From early times in the development of the Af-x approach to emotional balance and wellness, practitioners have well-understood the role of the collective social "fact" in health and problems such as depression.  Understanding and acknowledging the incredible influence that contemporary (health) mythology has over our emotional and mental states, has made of Af-x an approach that focuses specifically on the territory of the subconscious and our tendencies to unconsciously avoid responsibility in the business of our own caretaking.  Living our everyday lives, we do not realise the mechanisms of inherent unconscious tendencies to avoid change --even positive change.  We tend not to understand that we can subconsciously sabotage apparent paths to emotional wellness and balance.  Perhaps we will never fully understand those unconscious aspects of the complexity of what makes us human.  But what we do understand, and what the Af-x style of emotion coaching works to negate, is that many of the so-called well-regarded myths that are perpetuated about depression leave huge holes in our subconscious landscape into which we can too easily fall and disappear.

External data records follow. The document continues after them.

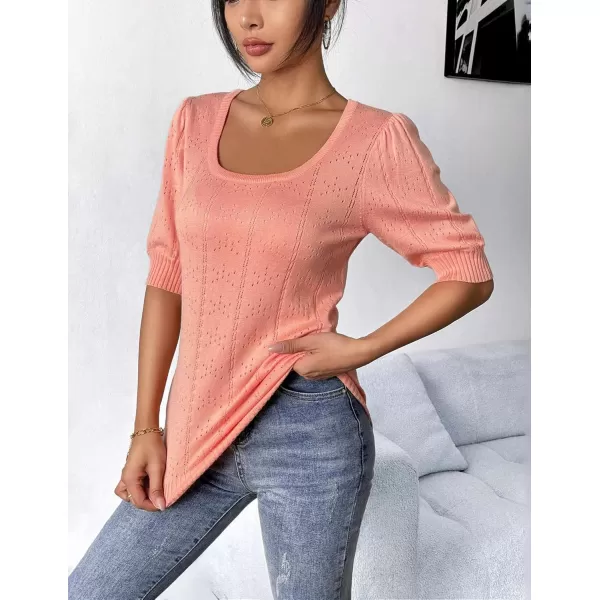 imageHOTOUCH Sweater for Women 2024 Fall Trendy Puff Tops Casual Eyelet Knit Square Neck Tunic Shirt Blouses SXXLOrange Pink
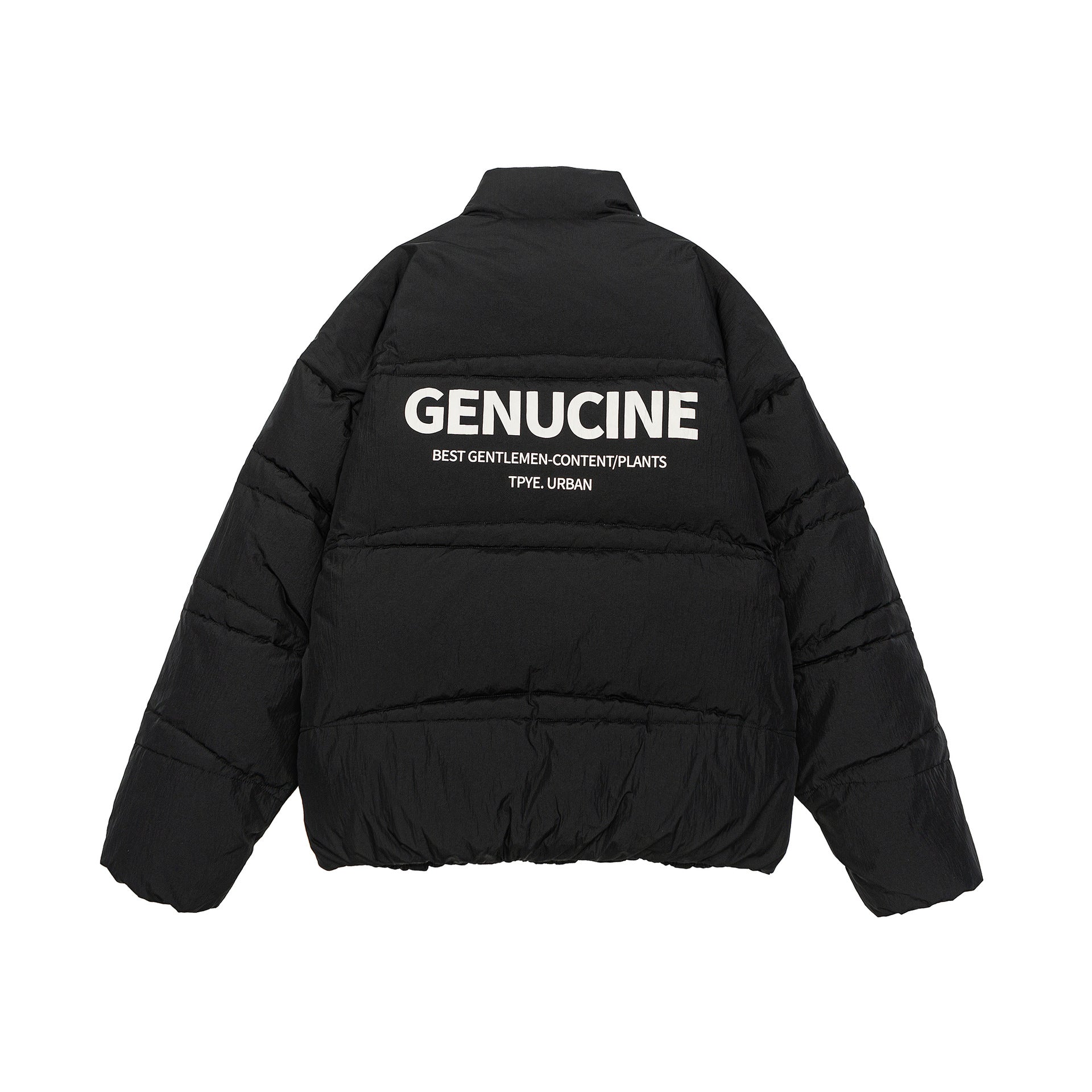 Men's Shorter Oversized Padded Puffer with High Stand Collar and Metal Zipper Chichicherry
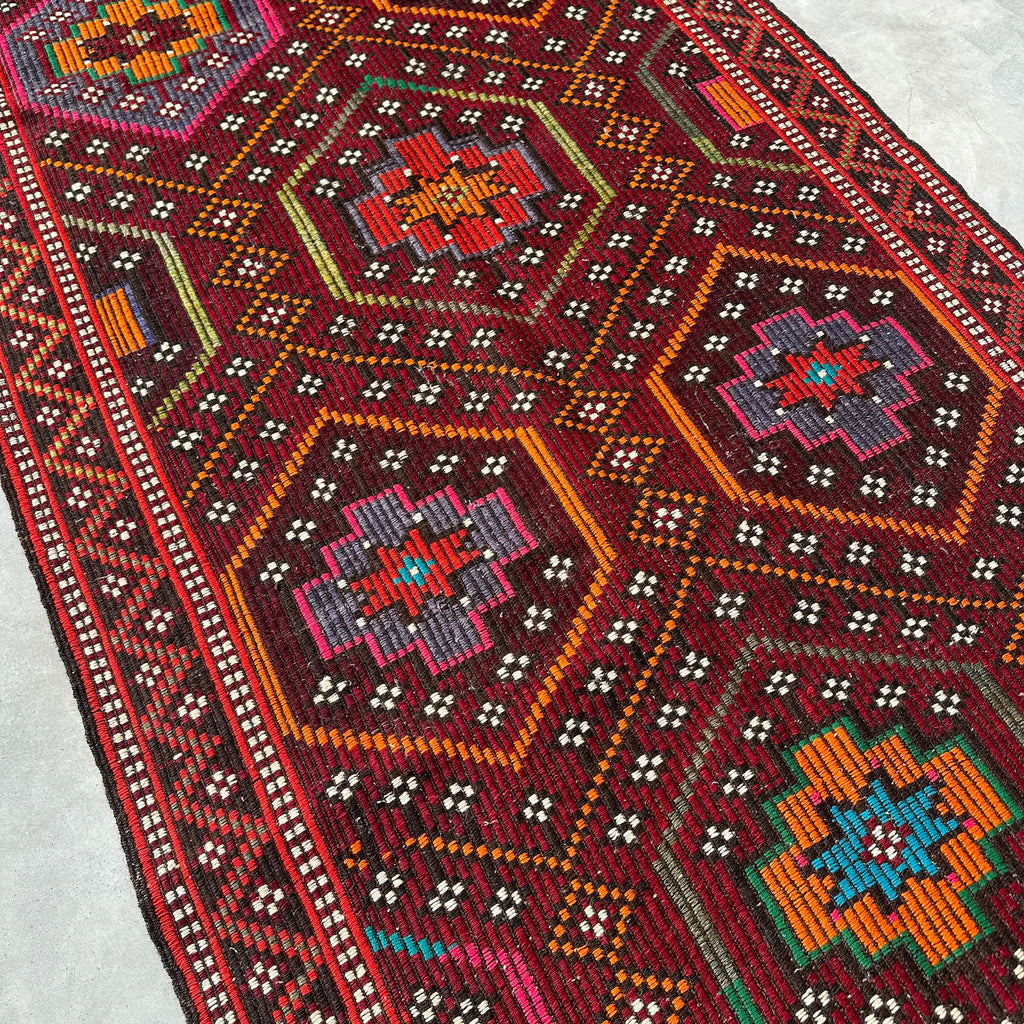 Vintage Turkish Runner Rug 3.7 x 12.9 ft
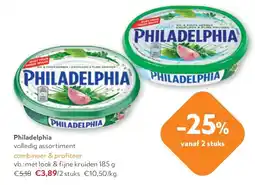 OKay Philadelphia met look & fijne kruiden 185 g aanbieding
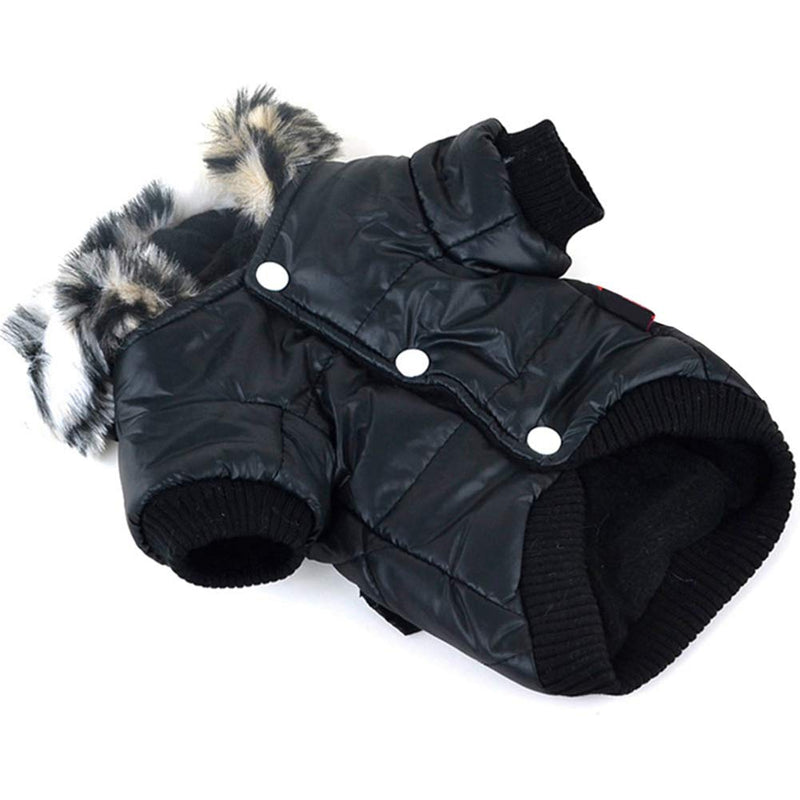 Balai Small Dog Faux Hoodie Thick Jacket Pet Puppy Waterproof Warm Coat Clothes for Small Breed Dog Like Chihuahua (XX-Large, Black) - PawsPlanet Australia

It's a literal matter of fact; you have more power over your experience than you think you do.


  1. The Antidepressant Fact Book --what your doctor won't tell you about antidepressants by Peter Breggin M.D., Perseus Publishing, 2001.
  2. Emotional Contagion --studies in emotion & social interaction by Hatfield, Cacioppo & Rapson, Cambrideg University Press, 1994.
  3. Rethinking Psychiatric Drugs --a guide for informed consent by Grace Jackson M.D., AuthorHouse, 2005.
  4. The Truth About the Drug Companies --how they deceive us and what to do about it by Marcia Angell, M.D., Random House, 2004.